(Home - Jazz Audio 覚え書き / BACK)

一関ベイシー九訪記
  • 前代未聞の10連休は敬遠して、5月も下旬になったので、またぞろ東北の方へ濁り湯めぐりに行ったついでに、ベイシーに寄ってきました。今年の桜は、近場の一本桜である「外大野のしだれ桜」と、邦画で昔の小学校の場面が出てくれば殆どがココでのロケだと言う旧小学校跡のキレイな桜くらいで済ませていたんで、遠出は久しぶりでした。快晴の中を走る高速は気分が良く、一気に秋田港に着いてしまいました。話に聞いていたけど、まだ登ったことが無かった100米もの高みにある展望塔から見た、好天の日本海は絶景でした。ここから出る苫小牧行きのフェリーの埠頭も見えました。
  • そのまま八郎潟の方に向かって、初日の濁り湯は「湯の腰温泉」にしました。翌朝の「松川温泉」が何とも良いお湯で、気持ち良くなったのでそのまま「ベイシー」に一走り。まぁ、週末だから体調でも崩していない限りは、「随時定休日」じゃないだろうとの読みが当たり、2時に着いたら店頭のランプが付いていたので一安心。(これまでも何度か、「随時定休日」では、ほぞを噛んだ覚えがあるのです。)

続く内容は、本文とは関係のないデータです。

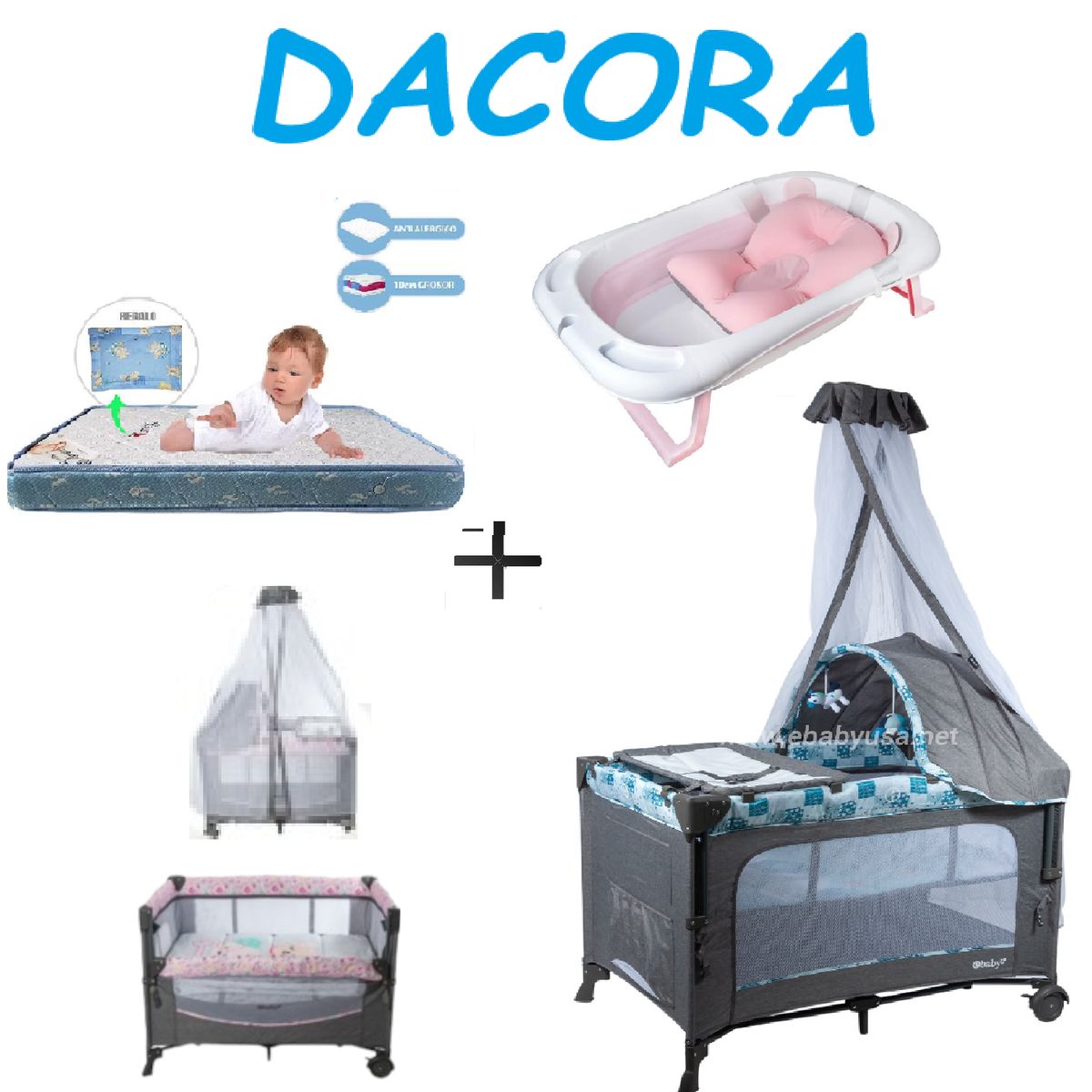 EBABY - Cuna Corral Dacora-Colchon A-Bañera R-Azul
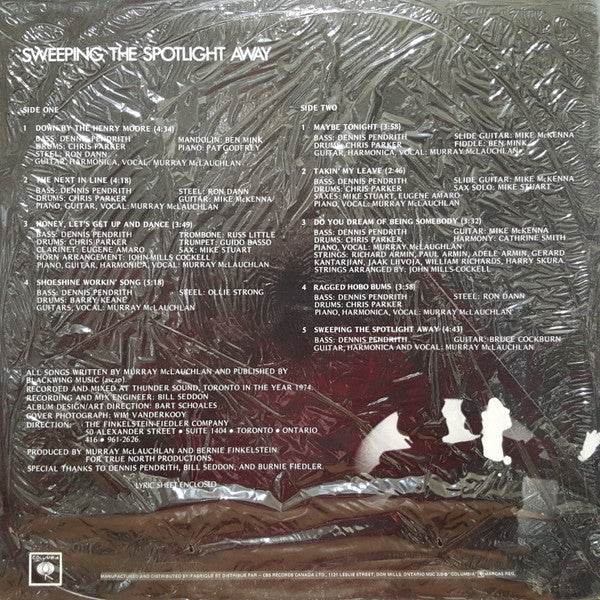 Murray McLauchlan : Sweeping The Spotlight Away (LP, Album, RP)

  • ベイシーを出て盛岡に戻ると、田沢湖の水沢温泉郷の「元湯」を楽しんで2日目は終わり。3日目は、朝風呂をやっている「子安峡」、10時から入れる「泥湯温泉」と巡って、栗駒に向かって「須川温泉」「栗駒山荘」と7湯の濁り湯めぐりを満喫出来ました。Nelsonは老境に入って慢性の湿疹持ちなんですが、これだけの硫黄泉に連続して入った御蔭で、流石のしつこい患部の跡形もなくなりました。
  • 娘がViberで「今日は、ベイシーはやってるのぉ・・・」と心配してくれましたが、店頭の駐車場に他県ナンバーが停まっているので安心と見て、いつもの市営駐車場に車を置いて入店。さっと目を走らせるとシェリー・マンのジャケットが掛かっていて、スイフティーよりもカッチリ目の、軽快なドラムスが店内にちていました。客の入りは、まぁ、10人くらいですから、普通の賑わいですね。
    今日のセット・リスト
  • 一人聴きなんで、いつもの正面壁際に座りました。
    1. 「Shelly Manne and His Men at the Blackhawk Vol 1」
      入り口を入ると直ぐに、何だか爽やかで快調な音が聞こえてきたので、椅子に座ってサッと右側のレジ横のジャケ置き場を見ると、右掲盤がかかっていました。西海岸らしい乾いた音をシュアのV-15IIIが、いつも通りにキッチリと聴かせています。コーヒーを頼んでから店内を眺め渡すと、特に変わりはないようで、菅原さんがハナ眼鏡で原稿をチェックしているのが見える。そう言えば前を通ったレジには、書籍が平積みされた山が二つありました。左を見ると、久光さん由来のレコード棚のガラス戸に、この先達の伝記らしき本のポスターが貼ってある。
    2. 「At Music inn with Sonny Rollins」
      御贔屓のロリンズだけど、我が家ではあまりかけないライブ盤です。先週のスパイスの項で話題にした「What's My Name/ Sonny Rollins」と同じMetro Jazzレーベルの盤で、こっちは東海岸にあるJohn Lewisが校長をしていた音楽学校でのライブです。絶好調期のライブらしさが横溢したテナーから出る音の豪快さと、節回しの見事さは、彼ならではのモノです。ふと天井に目をやると、前からそうだったかどうか、記憶が定かではないのですが、2階の床板を一部外して吹き抜けになっていて、音がイケイケになっているのに気付きました。1階だって聴き部屋だけでなく、それと同じ大きさの機器置き場、キッチン、応接セットがある部屋が横にあります。これに加えて、その上の2階も含めた空間があってこそ、100dBという高能率を誇る130Aのプロ版である、2220Bの2発入り密閉箱2機が気持ち良さげに鳴るのだなぁ・・・と今更ながらに納得しました。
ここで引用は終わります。